This topic describes the external client of JindoFS and its use scenarios.

Overview

JindoFS provides an external client so that you can access JindoFS from the outside of an E-MapReduce (EMR) cluster. If you want to access JindoFS from the external client, make sure that JindoFS is in block storage mode. You cannot access JindoFS from the external client if JindoFS is in cache mode. To access JindoFS in cache mode from the outside of an EMR cluster, use the common Object Storage Service (OSS) client because the cache mode is compatible with original OSS semantics.

Scenarios

The external client of JindoFS is compatible with Hadoop Distributed File System (HDFS). To access data stored in JindoFS from the external client, make sure that your application is connected to Namespace Service of JindoFS. However, you cannot access cached data in the local cluster from the external client. In this case, the performance of data access from the external client is not as efficient as that from the inside of an EMR cluster.

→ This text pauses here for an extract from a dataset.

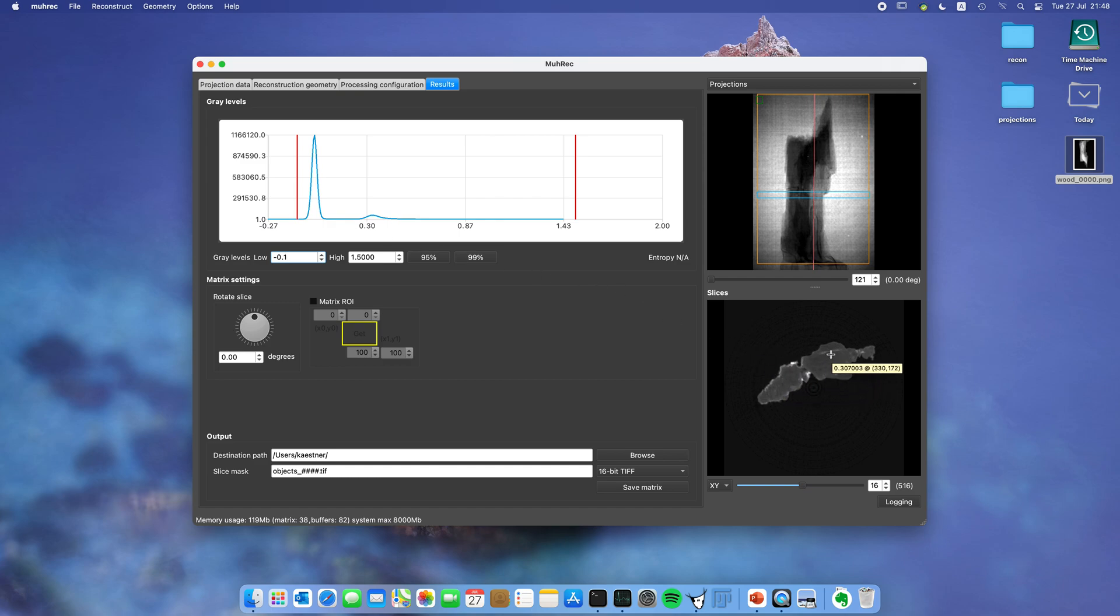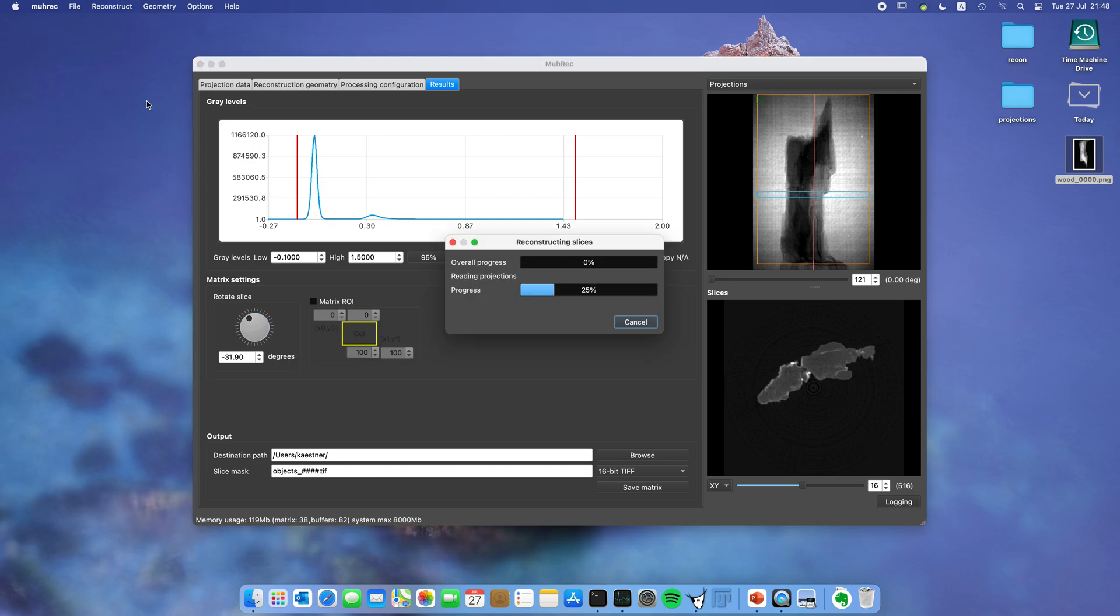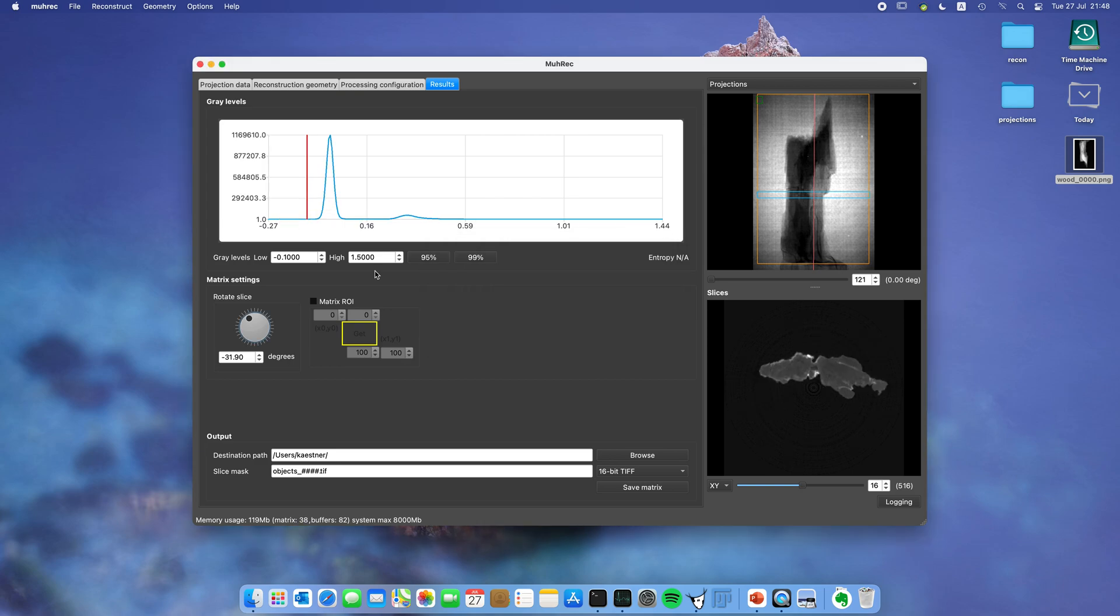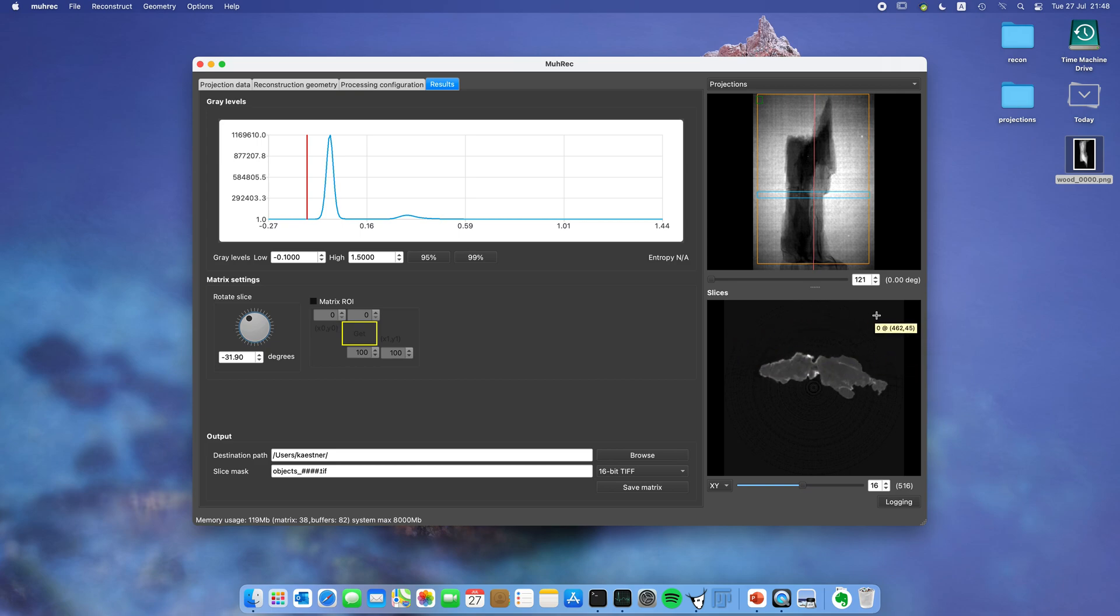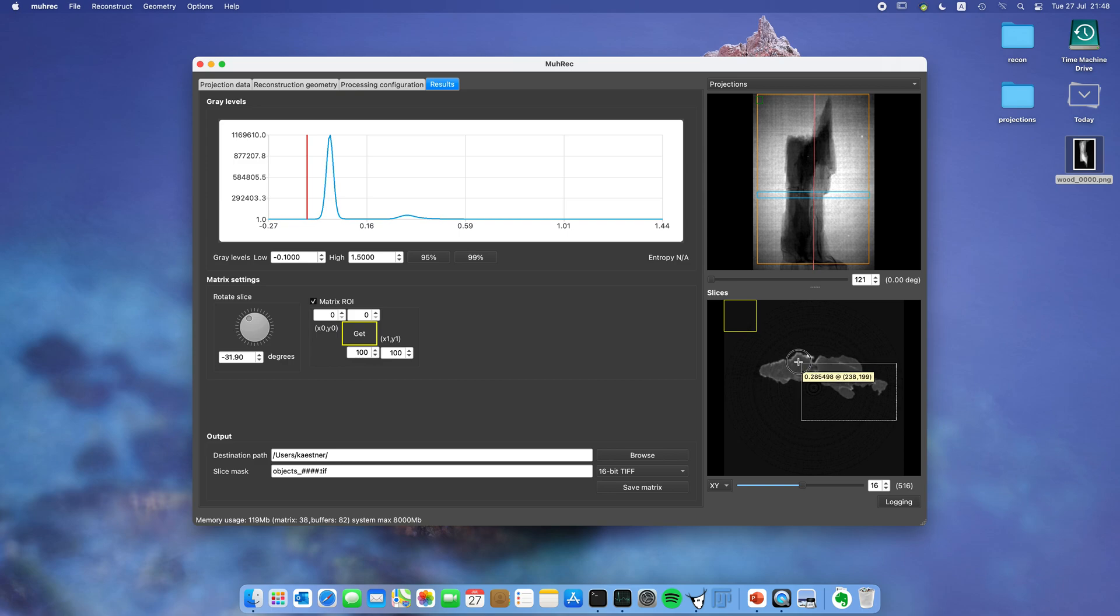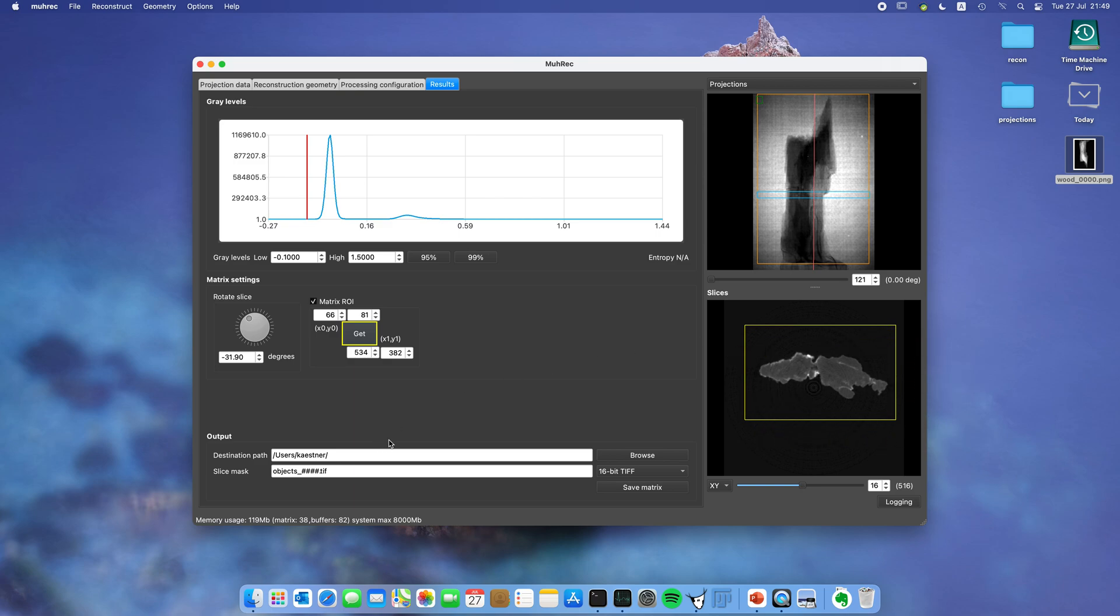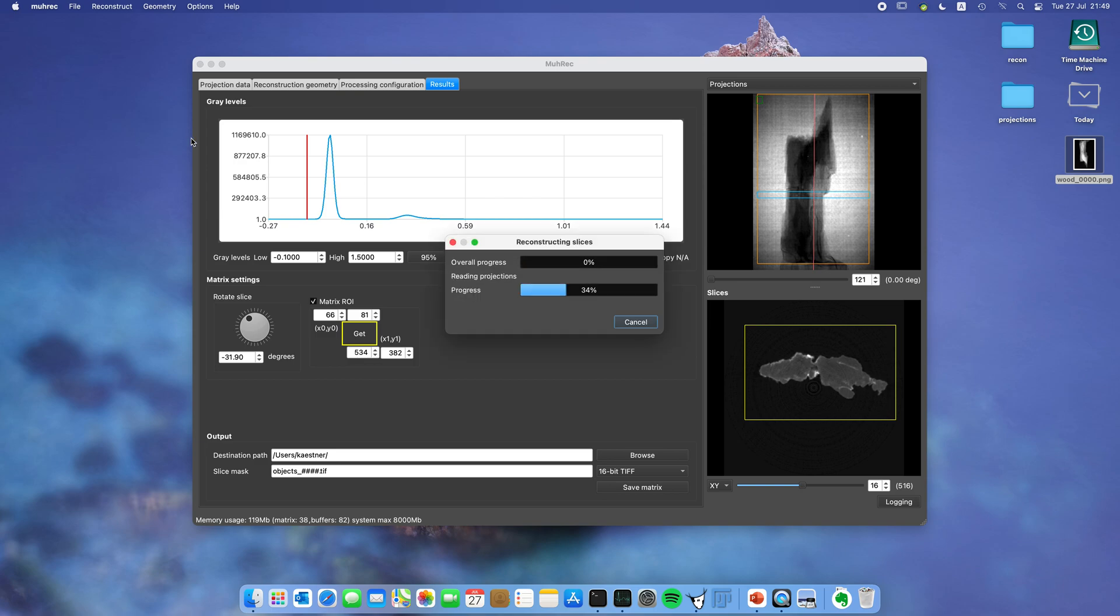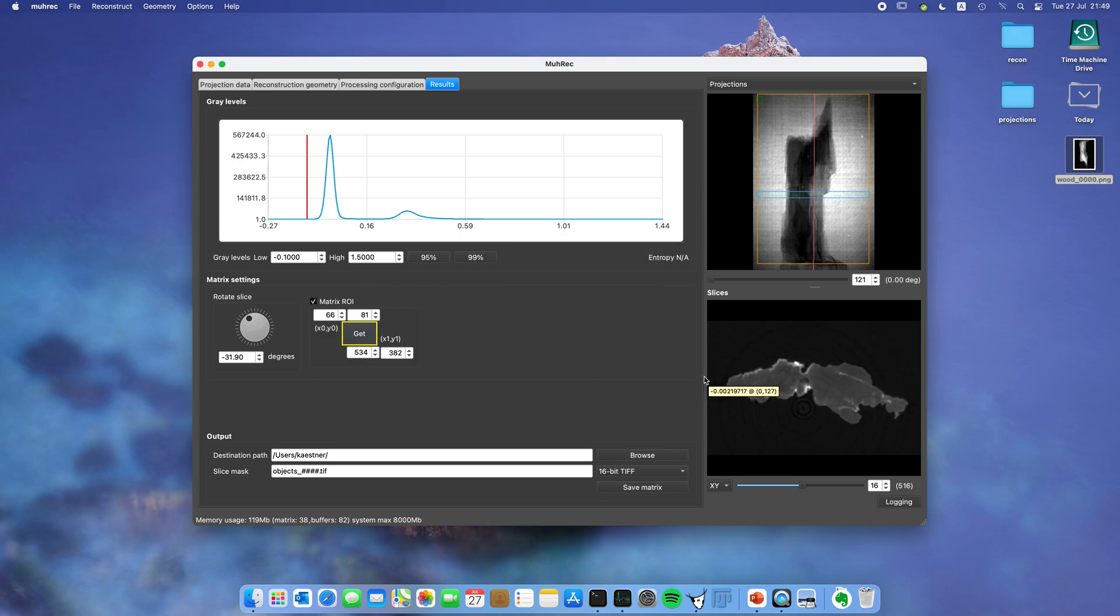You can see that this is rotated a little bit, so we want to change that. Let's do something like minus 30 degrees and start the reconstruction again. You can see more or less 30 degrees. The other thing is you can see there's a lot of space around the sample, so maybe you want to crop it. For that you can set matrix ROI. Again from the lower right corner mark a region. Click get and you can see this region is now yellow. Let's reconstruct again. Now you can see we got an image which has the size of the sample.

Configure the external client

Make sure that a namespace supported by JindoFS in block storage mode is configured. For more information, see Use the block storage mode.

  1. Obtain the Bigboot package.

    Access the /usr/lib/bigboot-current directory in the EMR cluster to obtain the Bigboot package.

    Note The Bigboot package is developed based on native code, which may be incompatible with your operating system.
  2. Set up the environment.

    Set the BIGBOOT_HOME variable to the root directory for installing Bigboot on your device. Add the ext and lib directories in the root directory to the classpath parameter of your big data processing component, such as Hadoop or Spark.

  3. Copy the configuration file bigboot.cfg.external from the /usr/lib/bigboot-current/conf/ directory in the EMR cluster to the installation directory conf/ on your device.
  4. Configure Namespace Service.

    • client.namespace.rpc.port: the port for listening on Namespace Service.
    • client.namespace.rpc.address: the endpoint for listening on Namespace Service.
      Note By default, the preceding two parameters are configured in the Bigboot configuration file of the EMR cluster.
  5. Configure data access parameters.

    • client.namespaces.{ YourNamespace}.oss.access.bucket: the OSS bucket to be accessed.
    • client.namespaces.{ YourNamespace}.oss.access.endpoint: the endpoint of the OSS bucket.
    • client.namespaces.{ YourNamespace}.oss.access.key: the AccessKey ID used to access the OSS bucket.
    • client.namespaces.{ YourNamespace}.oss.access.secret: the AccessKey secret used to access the OSS bucket.
      Note In the preceding parameters, {YourNamespace} specifies the namespace that you want to access from the external client. In this topic, a namespace named test is used.

      Example:

      client.namespace.rpc.port = 8101
      client.namespace.rpc.address = {RPC_Address}
      client.namespaces.test.oss.access.bucket = {YourOssBucket}
      client.namespaces.test.oss.access.endpoint = {YourOssEndpoint}
      client.namespaces.test.oss.access.key = {YourOssAccessKeyID}
      client.namespaces.test.oss.access.secret = {YourOssAccessKeySecret}

Verify the configuration

Perform the following operations:

  • Run the following command to check whether the test namespace is correctly configured:
    hdfs dfs -ls jfs://test/
  • Run the following commands to check whether data can be uploaded to or downloaded from the test namespace:
    hdfs dfs -put /etc/hosts  jfs://test/
    
    hdfs dfs -get jfs://test/hosts